Top of DATA FOR THIS EXERCISE

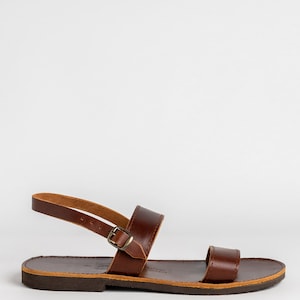 Handmade Leather Slingback Sandals: Vegetable Tanned Calf Leather image 4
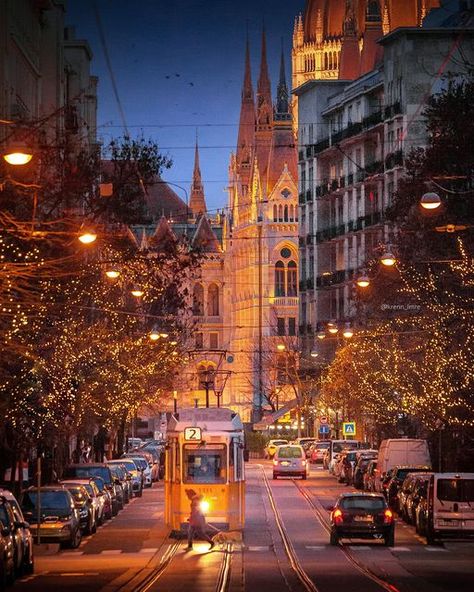 Budapest Photography, World Places, World Pictures, Budapest Hungary, Holiday Lights, Best Vacations, Wonderful Places, Beautiful Destinations, Architecture Photography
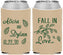 Custom Wedding Neoprene Can Coolers - Fall In Love | 283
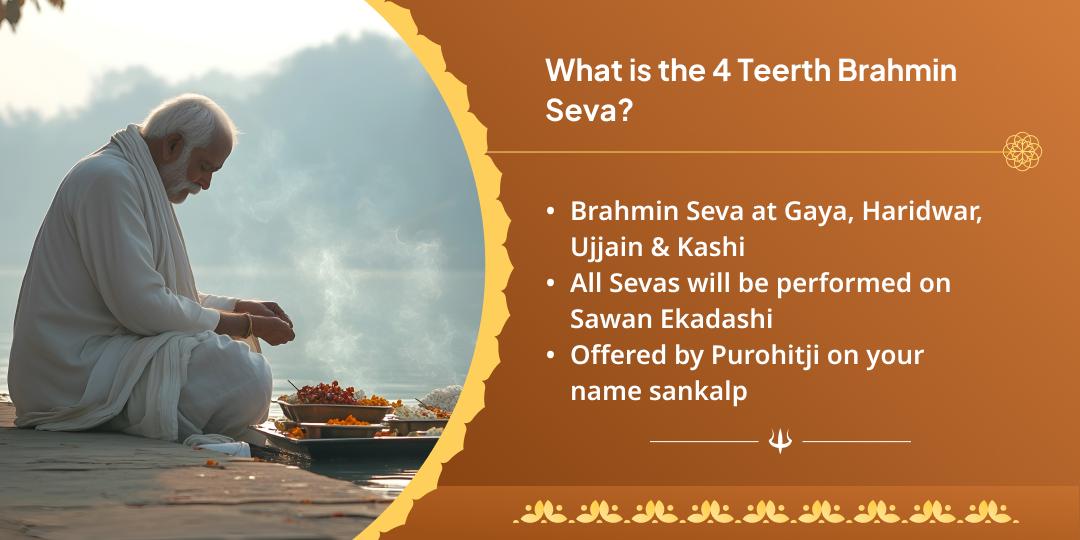 Sawan Ekadashi Shiv Chaturdham Brahmin Seva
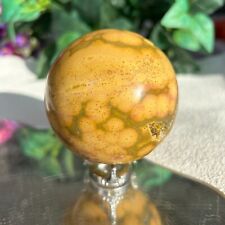 RARE 495g NATURAL Polished OCEAN JASPER Ball HEALING  Crystal Sphere picture
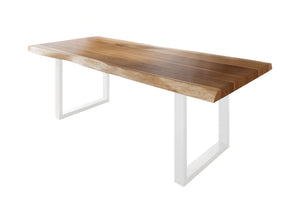 #akazienaturfarben #220x100 #u-gestellweiß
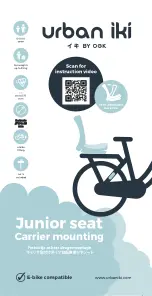 OGK Urban iki Junior seat Manual preview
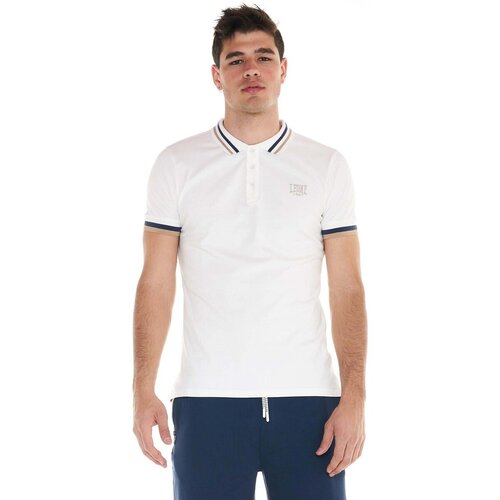 Leone 1947 Polo majice kratki rokavi Man Earth Tones Bela Cene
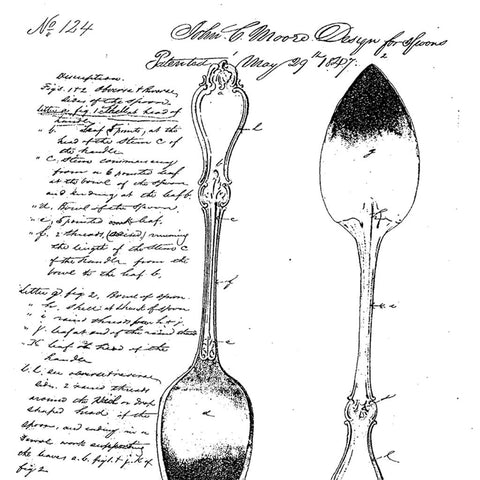 John C Moore's design patent 124
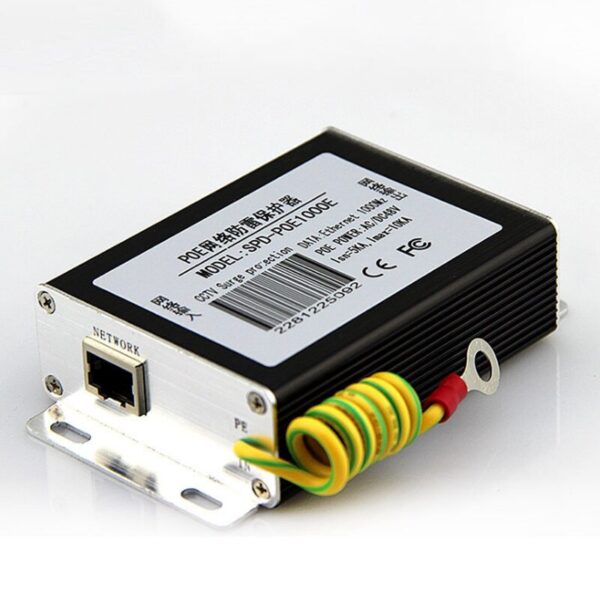 IP Camera Network POE Switch RJ45 & SPD-POE1000E Surge Protector Surge Protective Device Lightning Arrester, SPD for 1000M Ethernet Network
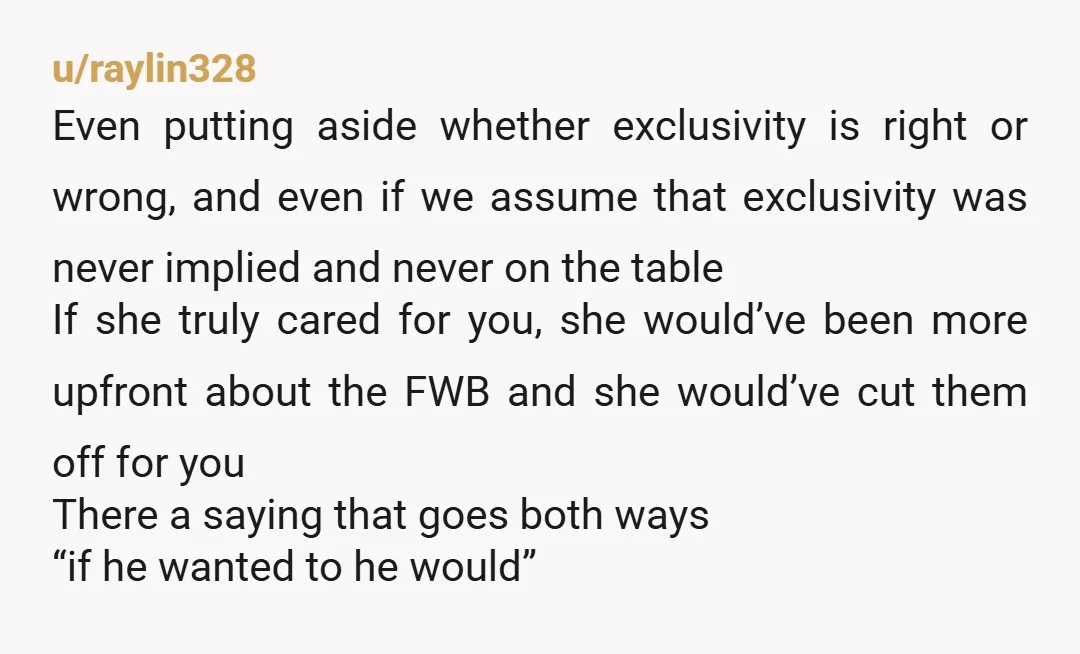 u/shaunaknn The first time she sept with the FWB into your relationship, the relationship ended right there. You are way better off without such an inconsiderate person. As far as...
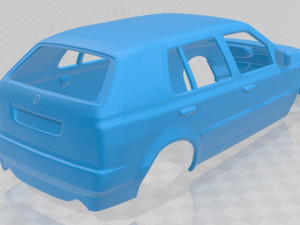 volkswagen golf 1993 printable body car 3D Baskı Modeli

Bottom of DATA FOR THIS EXERCISE

(TASK BRIEF)
Your copy should hold every entry exactly as written, but none of the pictures.

(ANSWER)
 Handmade Leather Slingback Sandals: Vegetable Tanned Calf Leather image 4
 Budapest Photography, World Places, World Pictures, Budapest Hungary, Holiday Lights, Best Vacations, Wonderful Places, Beautiful Destinations, Architecture Photography
 Custom Wedding Neoprene Can Coolers - Fall In Love | 283
 Sawan Ekadashi Shiv Chaturdham Brahmin Seva
 RARE 495g NATURAL Polished OCEAN JASPER Ball HEALING  Crystal Sphere picture
 #akazienaturfarben #220x100 #u-gestellweiß
 OGK Urban iki Junior seat Manual preview
 Leone 1947 Polo majice kratki rokavi Man Earth Tones Bela Cene
 John C Moore's design patent 124
 IP Camera Network POE Switch RJ45 & SPD-POE1000E Surge Protector Surge Protective Device Lightning Arrester, SPD for 1000M Ethernet Network
 u/shaunaknn The first time she sept with the FWB into your relationship, the relationship ended right there. You are way better off without such an inconsiderate person. As far as...
 volkswagen golf 1993 printable body car 3D Baskı Modeli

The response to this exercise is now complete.